Every time you receive your pay, name that earning and control where it should go. There are months that like us, you will fail to stick on the budget, don’t quit and say “magulo nanaman this month, wag nalang nga magbudgeting na yan!” remember, financial freedom is a journey not a one time event, kaya natin ito! keep going! 

  • Start an emergency fund 

What’s your greatest fear as freelancer or small business owner? I’m sure like us, that’s when you face lean season. In almost 8 years of being a small biz owner and my husband as a freelancer, in a year, there are month/s of “low earnings”

So the key is really to save for those lean seasons by having an emergency fund -an emergency fund is atleast 3 months of your average earnings, to cover life’s “emergencies” like health issues, work goes off-season, and other unexpected expenses. As most financial experts advised, it should be withdrawable anytime, we cannot use our emergency fund to invest in stock market, because what if the market is low? and you need the money right that very day.
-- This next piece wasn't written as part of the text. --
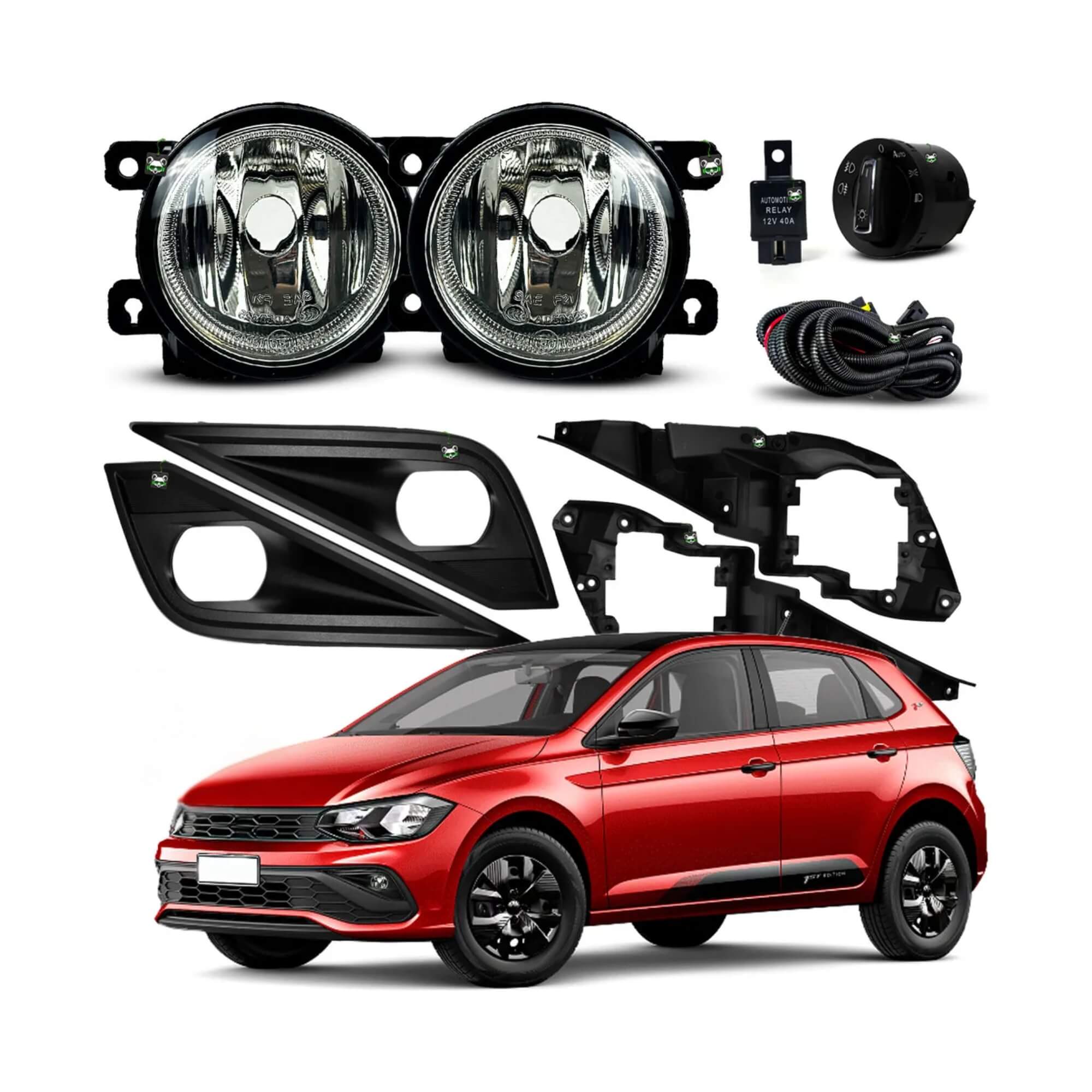Kit Farol Auxiliar Polo Track A partir de 2023 Botão Modelo Original Shocklight - SL-263610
It should be in a savings account.

  • Have an “anti-salary shock” fund

This works in our family, since our main problem is the inconsistent income flow, we’ve tried saving for an “anti-salary shock” fund, this is where we get fund during months that we do not have enough income from our project-based gigs, so we will not drain our savings or withdraw investments and get from emergency fund to cover the month’s expenses. We started with 1 month of equivalent earnings. That’s where we get additional funding for our month’s expenses because most of our work gets paid after a month of production.

  • Proper Priorities

As Mr.Francis Kong said, “Check a person’s check book and his schedule, you’ll know his priorities in life”

Being freelancers, it may be a bit challenging for us to manage our finances, but keeping our priorities in life clear will save us from a lot of financial stress, giving back to God is our number 1 priority, saving for our future or as financial advisors call it “pay yourself first” by investing in Insurance and Investment plans is second, then followed by our needs like food, shelter and so on… During the low project season, we should prioritize our fix expenses and adjust on areas that are controllable like food, electricity recreation and transportation expense.

 

Being freelancers, helped us trust God’s grace in our life, we do not have a regular income flow, we do not have a big business, but His Grace is sufficient everyday. All we have to do is to be faithful stewards of what He has entrusted us.

 

As a freelancer, do you also have any money management hacks? Feel free to share it with us.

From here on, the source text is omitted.